Dos aviones de combate de Estados Unidos, un moderno F-15E y un A-10, fueron derribados este viernes por fuego iraní. Del primero, un piloto logró ser rescatado con vida, mientras que otro es intensamente buscado en un operativo. En tanto, el piloto del segundo avión pudo eyectarse y pudo ser rescatado.
Dos helicópteros UH-60 Blackhawk que participaban en las tareas de búsqueda y rescate de la tripulación del F-15E también fueron atacados por Irán. Un funcionario citado por NBC News indicó que algunos militares sufrieron heridas leves, aunque todos se encuentran fuera de peligro, según consignó la Agencia Noticias Argentinas.
Un miembro de la tripulación del F-15E derribado fue rescatado por fuerzas estadounidenses, según confirmaron funcionarios a CBS News. La aeronave está diseñada para misiones aire-aire y aire-tierra y suele ser operada por un piloto y un oficial de sistemas de armas.

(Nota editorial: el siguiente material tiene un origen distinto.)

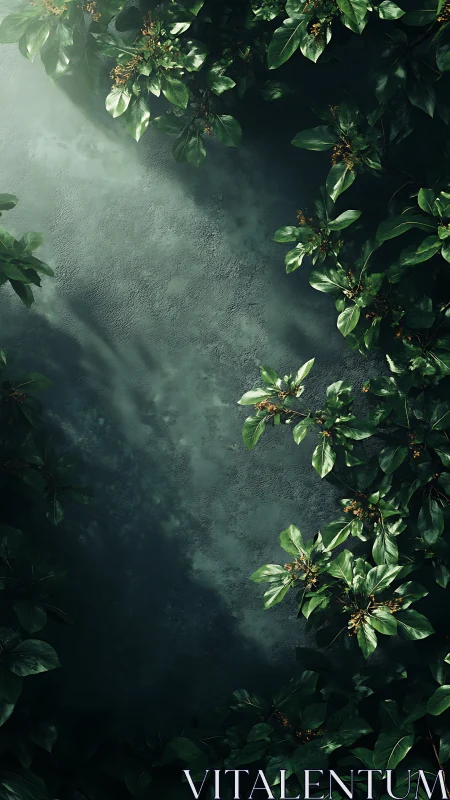 Verdant foliage framing textured emerald concrete wall.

Desde la Fuerza Aérea de Estados Unidos explicaron que el avión tiene capacidad para penetrar defensas enemigas a larga distancia, atacar objetivos terrestres y retirarse bajo combate.
Fuentes citadas por CNN señalaron que el piloto rescatado se encuentra con vida, bajo custodia de Estados Unidos y recibe atención médica. No está clara la situación del segundo tripulante, mientras continúan las tareas de búsqueda.
Repercusiones y tensión internacional
Israel pospuso algunas ofensivas planificadas en Irán para no interferir con el operativo de rescate estadounidense, según confirmó un funcionario a CNN. Además, ofreció apoyo de inteligencia.
El presidente de Estados Unidos, Donald Trump, fue informado sobre el derribo, según declaró la secretaria de prensa de la Casa Blanca, Karoline Leavitt, a CBS News. El mandatario sostuvo que el episodio no afectará las negociaciones indirectas con Irán.
“No, en absoluto. Es la guerra”, afirmó Trump en diálogo con NBC News.
Desde Irán, el presidente del Parlamento, Mohammad Bagher Ghalibaf, ironizó sobre la situación luego del derribo del F-15E. En un mensaje publicado en la red X, cuestionó la estrategia estadounidense.
Además, desde Teherán ofrecieron una “generosa recompensa” por la captura del segundo piloto, según reportes internacionales.
La Guardia Revolucionaria iraní desplegó un operativo en una zona del suroeste del país, en la provincia de Kohgiluyeh y Boyer-Ahmad, ante la presunción de que allí podría encontrarse el aviador desaparecido. La búsqueda incluyó tropas y residentes locales, sin resultados positivos.
El segundo ataque y críticas políticas
Luego del derribo del F-15E, un avión monoplaza enviado en apoyo a la misión de rescate también fue alcanzado por fuego iraní. Se trata de un A-10 Thunderbolt, conocido como “Warthog”.
La aeronave logró ingresar al espacio aéreo de Kuwait, donde el piloto se eyectó antes del impacto. El militar se encuentra a salvo.
Irán también atacó helicópteros UH-60 Blackhawk involucrados en las tareas de rescate. Según NBC News, hubo heridos leves, aunque todos los efectivos están fuera de peligro.
En el plano político, el representante demócrata Seth Moulton, integrante de la Comisión de Servicios Armados, cuestionó la estrategia del gobierno estadounidense en el conflicto.
“No saben cómo salir de este lío. No saben cómo terminar esta guerra”, afirmó en declaraciones a CNN.